▸ TASK STATEMENT
Down to the last line, set down the listing below exactly, apart from its pictures.

▸ DATASET EXCERPT
::::::::::

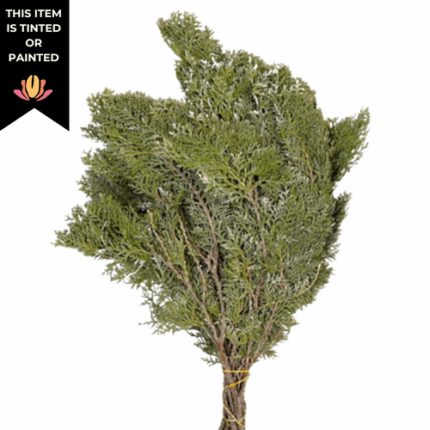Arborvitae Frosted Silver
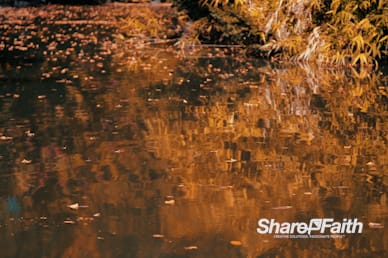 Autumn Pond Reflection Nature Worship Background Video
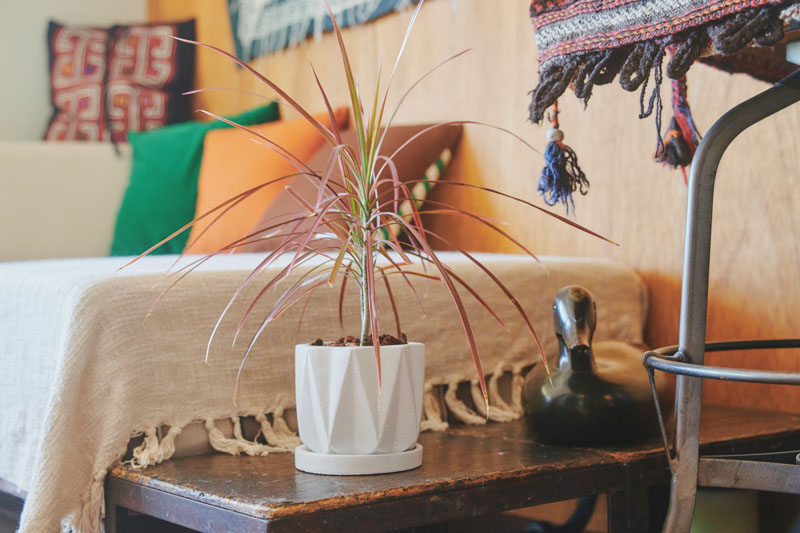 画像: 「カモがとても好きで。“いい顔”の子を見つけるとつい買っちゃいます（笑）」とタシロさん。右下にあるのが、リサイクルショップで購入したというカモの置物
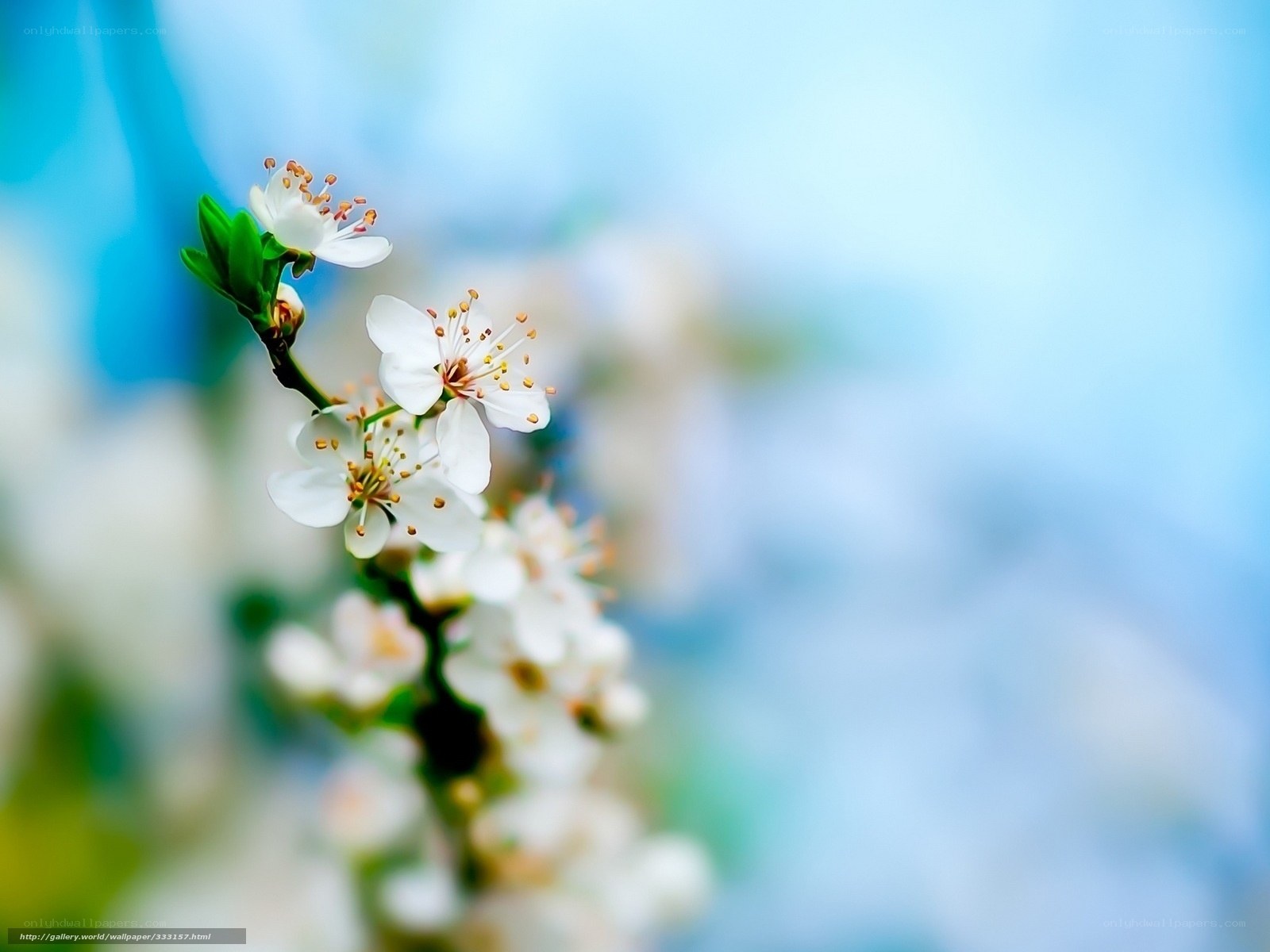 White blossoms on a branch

::::::::::

▸ SOLUTION FOR THIS TASK
Arborvitae Frosted Silver
 Autumn Pond Reflection Nature Worship Background Video
 画像: 「カモがとても好きで。“いい顔”の子を見つけるとつい買っちゃいます（笑）」とタシロさん。右下にあるのが、リサイクルショップで購入したというカモの置物
 White blossoms on a branch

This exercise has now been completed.